But the hours spent passively savoring that particular riot do provide compelling circumstantial evidence of Trump’s state of mind—of his goals and intentions—as he maneuvered throughout the period between Election Day and the riot to hold power.
On the afternoon of Jan. 6, Congress was scheduled to certify the Electoral College vote and finalize Joe Biden’s election. The riot Trump summoned prevented that certification and delayed the execution of Congress’s legal duty in respect to presidential elections.
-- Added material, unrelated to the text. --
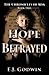 Hope Betrayed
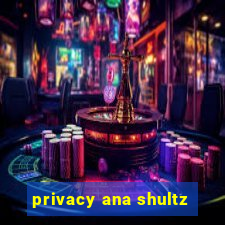 privacy ana shultz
From Trump’s inaction we can infer—the inference is inescapable—that he meant to see the certification of the electoral vote delayed and, if possible, prevented. After that, something might break his way. He might hold onto power.
Delay would at least keep his hopes alive.
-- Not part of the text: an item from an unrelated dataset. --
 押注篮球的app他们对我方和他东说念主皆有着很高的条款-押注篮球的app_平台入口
The federal crime of Seditious Conspiracy is set out in 18 United States Code §2384. In relevant part it states that:
If two or more persons . . . conspire . . . by force to prevent, hinder, or delay the execution of any law of the United States . . .they shall each be fined or imprisoned not more than 20 years, or both.
It is not a complicated law.
It is not a complicated case. Donald Trump is guilty of Seditious Conspiracy.
Along with Seditious Conspiracy the Vulgar Talking Yam could be charged with Dereliction of Duty for his 3+ hour deliberate delay in calling off the insurrectionists. As Commander in Chief, would he be subject to the UCMJ and eligible to a prolonged stay in that fine facility known as Fort Leavenworth?